Pulmonary embolism (PE) is a life-threatening medical condition that occurs when a blood clot travels to the lungs, causing a blockage in one or more pulmonary arteries. Symptoms often include shortness of breath, chest pain, and rapid heart rate, but these can vary in severity and are sometimes difficult to diagnose.
The gold standard for diagnosing PE is CT pulmonary angiography (CTPA), a specialized imaging technique. However, this process can be time-consuming and labor-intensive, often requiring a radiologist to scan through hundreds of CT images to identify blockages manually. Time is of the essence when diagnosing and treating PE; hence, there is a pressing need for a faster and more efficient diagnostic method.

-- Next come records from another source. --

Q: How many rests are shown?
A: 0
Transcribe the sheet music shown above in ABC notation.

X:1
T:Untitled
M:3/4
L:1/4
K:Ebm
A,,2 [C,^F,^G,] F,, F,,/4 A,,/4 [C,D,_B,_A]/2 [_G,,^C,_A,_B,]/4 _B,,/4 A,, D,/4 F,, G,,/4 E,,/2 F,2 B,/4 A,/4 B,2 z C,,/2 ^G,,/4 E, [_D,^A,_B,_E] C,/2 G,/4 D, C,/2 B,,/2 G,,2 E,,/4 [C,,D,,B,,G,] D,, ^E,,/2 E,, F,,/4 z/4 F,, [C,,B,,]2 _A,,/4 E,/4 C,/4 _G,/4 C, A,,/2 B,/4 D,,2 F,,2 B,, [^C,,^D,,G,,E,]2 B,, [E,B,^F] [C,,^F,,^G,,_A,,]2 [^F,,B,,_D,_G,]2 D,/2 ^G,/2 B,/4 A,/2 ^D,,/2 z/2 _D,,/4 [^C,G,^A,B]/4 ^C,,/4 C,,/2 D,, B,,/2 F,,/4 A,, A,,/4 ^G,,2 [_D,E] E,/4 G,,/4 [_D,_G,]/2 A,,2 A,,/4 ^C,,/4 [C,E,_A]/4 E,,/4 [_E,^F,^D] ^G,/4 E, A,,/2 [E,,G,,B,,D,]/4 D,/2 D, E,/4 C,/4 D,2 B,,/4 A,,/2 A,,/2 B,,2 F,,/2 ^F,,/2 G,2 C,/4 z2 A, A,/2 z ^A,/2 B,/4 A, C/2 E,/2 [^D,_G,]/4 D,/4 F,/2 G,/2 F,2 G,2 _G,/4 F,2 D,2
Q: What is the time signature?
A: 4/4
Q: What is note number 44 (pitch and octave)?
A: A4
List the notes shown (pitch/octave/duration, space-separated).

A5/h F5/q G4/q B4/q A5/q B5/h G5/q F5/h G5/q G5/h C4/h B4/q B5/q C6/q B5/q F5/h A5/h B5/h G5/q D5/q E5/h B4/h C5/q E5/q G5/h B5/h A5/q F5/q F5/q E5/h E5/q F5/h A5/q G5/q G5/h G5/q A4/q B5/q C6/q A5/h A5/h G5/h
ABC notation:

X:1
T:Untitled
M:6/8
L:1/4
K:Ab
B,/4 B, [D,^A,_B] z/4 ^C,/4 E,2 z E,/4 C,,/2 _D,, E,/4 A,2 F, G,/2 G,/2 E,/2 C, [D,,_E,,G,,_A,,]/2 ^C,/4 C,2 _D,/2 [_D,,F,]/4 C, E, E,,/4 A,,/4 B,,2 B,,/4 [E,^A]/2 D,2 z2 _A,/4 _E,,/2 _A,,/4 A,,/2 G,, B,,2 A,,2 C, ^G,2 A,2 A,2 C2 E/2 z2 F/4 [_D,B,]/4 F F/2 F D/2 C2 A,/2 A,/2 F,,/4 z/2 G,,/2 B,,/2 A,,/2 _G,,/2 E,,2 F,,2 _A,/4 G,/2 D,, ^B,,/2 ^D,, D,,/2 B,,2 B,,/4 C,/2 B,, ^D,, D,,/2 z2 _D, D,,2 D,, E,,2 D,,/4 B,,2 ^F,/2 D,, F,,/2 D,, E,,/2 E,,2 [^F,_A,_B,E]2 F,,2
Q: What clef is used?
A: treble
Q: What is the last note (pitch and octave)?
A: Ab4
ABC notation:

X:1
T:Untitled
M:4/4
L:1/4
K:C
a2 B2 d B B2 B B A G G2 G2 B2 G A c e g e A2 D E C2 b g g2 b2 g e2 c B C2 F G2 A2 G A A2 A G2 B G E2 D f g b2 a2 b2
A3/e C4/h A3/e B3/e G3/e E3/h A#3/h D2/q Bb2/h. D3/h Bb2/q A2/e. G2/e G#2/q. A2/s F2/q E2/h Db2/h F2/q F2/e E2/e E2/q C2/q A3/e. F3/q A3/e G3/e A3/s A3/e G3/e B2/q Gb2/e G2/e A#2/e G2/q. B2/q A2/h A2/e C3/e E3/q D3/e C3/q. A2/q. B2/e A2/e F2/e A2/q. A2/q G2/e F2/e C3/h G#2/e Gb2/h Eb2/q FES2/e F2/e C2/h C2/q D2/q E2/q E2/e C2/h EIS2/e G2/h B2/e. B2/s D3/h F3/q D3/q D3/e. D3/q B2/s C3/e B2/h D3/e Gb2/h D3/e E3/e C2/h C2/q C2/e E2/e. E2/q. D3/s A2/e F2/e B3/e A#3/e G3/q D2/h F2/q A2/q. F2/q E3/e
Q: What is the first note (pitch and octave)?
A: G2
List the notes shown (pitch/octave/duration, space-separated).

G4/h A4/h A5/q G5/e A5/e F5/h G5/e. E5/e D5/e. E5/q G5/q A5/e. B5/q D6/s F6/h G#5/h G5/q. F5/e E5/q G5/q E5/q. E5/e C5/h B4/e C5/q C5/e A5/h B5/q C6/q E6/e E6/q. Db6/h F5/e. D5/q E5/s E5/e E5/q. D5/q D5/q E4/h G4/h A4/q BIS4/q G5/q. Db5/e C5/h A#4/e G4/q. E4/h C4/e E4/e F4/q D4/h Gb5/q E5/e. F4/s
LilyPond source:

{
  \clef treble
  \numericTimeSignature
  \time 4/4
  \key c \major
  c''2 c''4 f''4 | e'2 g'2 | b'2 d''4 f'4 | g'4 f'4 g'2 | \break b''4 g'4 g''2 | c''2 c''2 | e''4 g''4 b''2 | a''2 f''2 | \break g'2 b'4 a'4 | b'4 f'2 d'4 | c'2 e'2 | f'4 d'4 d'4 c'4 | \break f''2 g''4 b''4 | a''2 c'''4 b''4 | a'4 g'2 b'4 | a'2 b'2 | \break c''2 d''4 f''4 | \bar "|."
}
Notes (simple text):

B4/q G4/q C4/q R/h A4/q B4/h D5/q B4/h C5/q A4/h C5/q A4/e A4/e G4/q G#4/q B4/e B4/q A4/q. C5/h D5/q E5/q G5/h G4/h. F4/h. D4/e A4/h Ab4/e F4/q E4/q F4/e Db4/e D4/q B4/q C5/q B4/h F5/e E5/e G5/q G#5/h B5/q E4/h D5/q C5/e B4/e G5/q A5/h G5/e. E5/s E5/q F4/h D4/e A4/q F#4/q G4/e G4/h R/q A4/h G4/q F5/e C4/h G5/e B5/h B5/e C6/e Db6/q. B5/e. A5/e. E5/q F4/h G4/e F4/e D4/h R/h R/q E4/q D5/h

About Pulmonary Embolism CT Dataset
The RSNA STR Pulmonary Embolism Detection Dataset is an expansive and comprehensive collection designed to aid in the machine learning-assisted diagnosis of PE. This dataset is colossal, weighing 980.24 GB and encompassing 1,937,450 files. These files are primarily DICOM (Digital Imaging and Communications in Medicine) images, the standard format for storing and transmitting medical images. The dataset is partitioned into a training set, a public set, and a private set. The training set contains 7279 studies, the public set 650, and the private set 1517.